İhracatın lokomotifi sanayi
Ergün, “bu yıl bizim sanayi üretim rakamlarımızın önümüzdeki aylarda çok daha iyi bir şekilde göreceğimize işaret ediyor” dedi. Otomotiv sektöründeki üretimin yüzde 80'inin ihraç edildiğini belirten Ergün, toplam ihracat içerisinde sanayin payının ise yüzde 95 olduğunu bildirdi. Ergün şunları kaydetti:
“Yani biz sanayi ürünleri ihraç eden bir ülkeyiz. Tabi ki tarım ürünleri de ihraç ediyoruz. Ama tarım ürünleri ihracatı toplam ihracat içerisinde yüzde 5'e tekabül eden bir rakam. Sanayi ürünleri çok ağırlıklı. Bu kısa zamanda olmadı tabi. Son zamanlarda Türkiye sanayi üretimine ciddi oranda önem verdi, vermelidir.
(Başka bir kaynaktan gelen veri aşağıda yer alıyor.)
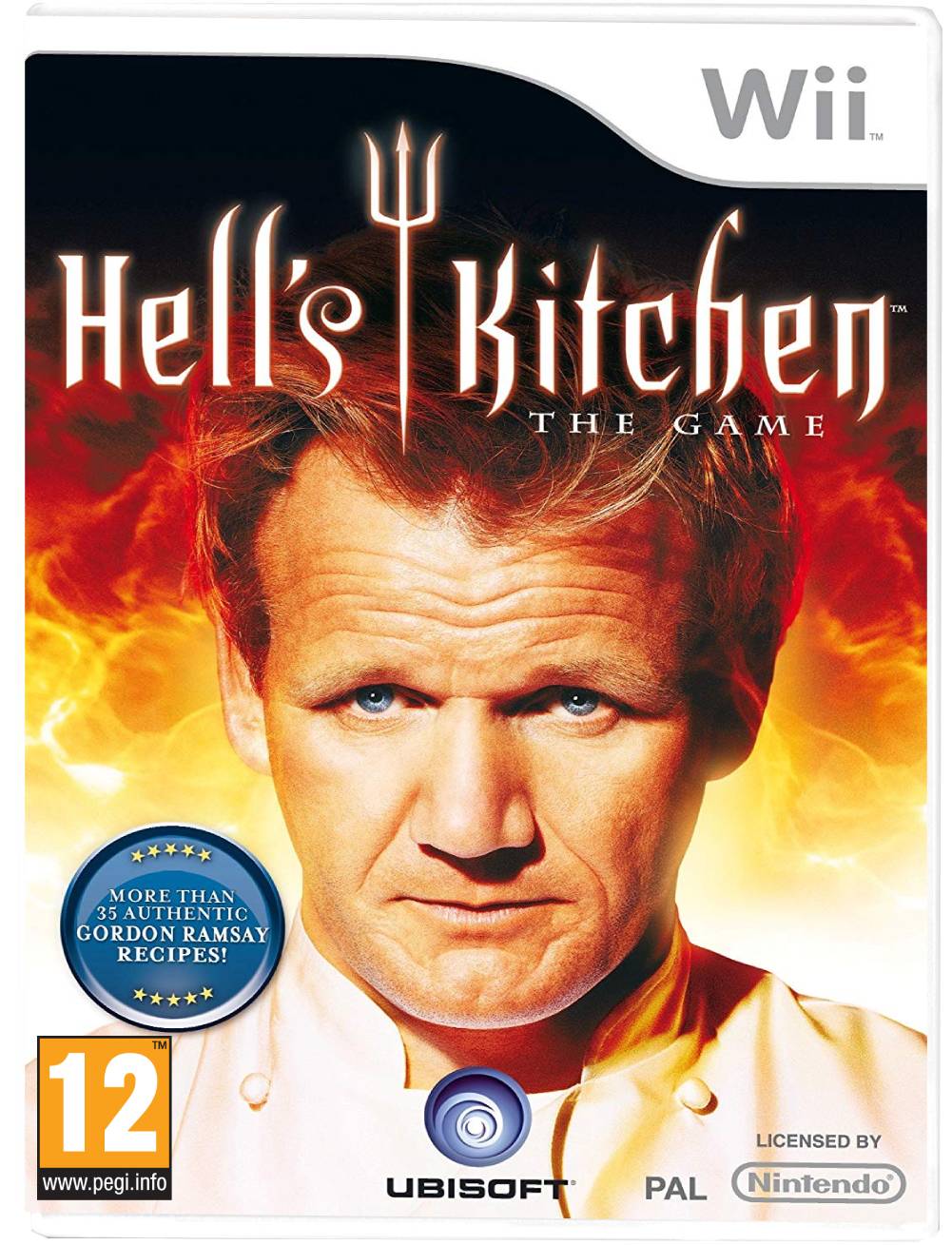 Hell's Kitchen /Wii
Çünkü üretime dayanmayan, sanayiye dayanmayan bir ekonomi gerçek bir ekonomi değildir. Bunu biz komşumuz Yunanistan'da gördük.
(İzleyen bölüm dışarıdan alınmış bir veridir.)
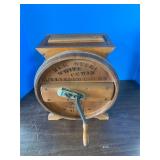 Butter Churn White Cedar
Sürekli AB fonlarından kaynak çekerek gerçek bir ekonomi meydana getirmek mümkün değildir. Bunlar sizi her zaman yalnız bırakabilir. Bu da çok önemli. Ama esas olan üretim gücü ve kabiliyetidir. Eğer üretim gücü ve kabiliyetinizi kaybederseniz, onu bir kenara koyarsanız, üretmek çok zor, zahmetli. Ürettiğini dünyaya satmak epey uğraş gerektiriyor. (En iyisi şurası kısa zamanda çok kar edilebilecek bir alan diye) ülkeler stratejik olarak düşünmelidir. Stratejik olarak düşünmezler, stratejik olarak zorda olsa, zahmetli de olsa üretmek de, satmak da başlı başına bir zahmete katlanmak demektir. Üretmek, sanayileşmek vazgeçilecek birşey değildir. Bizim de zaten sanayi ürünleri ihracatımız toplam ihracat içerisinde yüzde 95'lere ulaşmıştır. Bunu memnuniyetli görüyoruz.”
Bakan Ergün, bir soruya verdiği yanıtta da yeni bir kredi faiz destek paketi açıklayacaklarını, bunun miktarının ise geçen yıldan fazla olacağını söyledi. Ergün söz konusu paketin 11 Kasım Perşembe günü açıklanabileceğini sözlerine ekledi.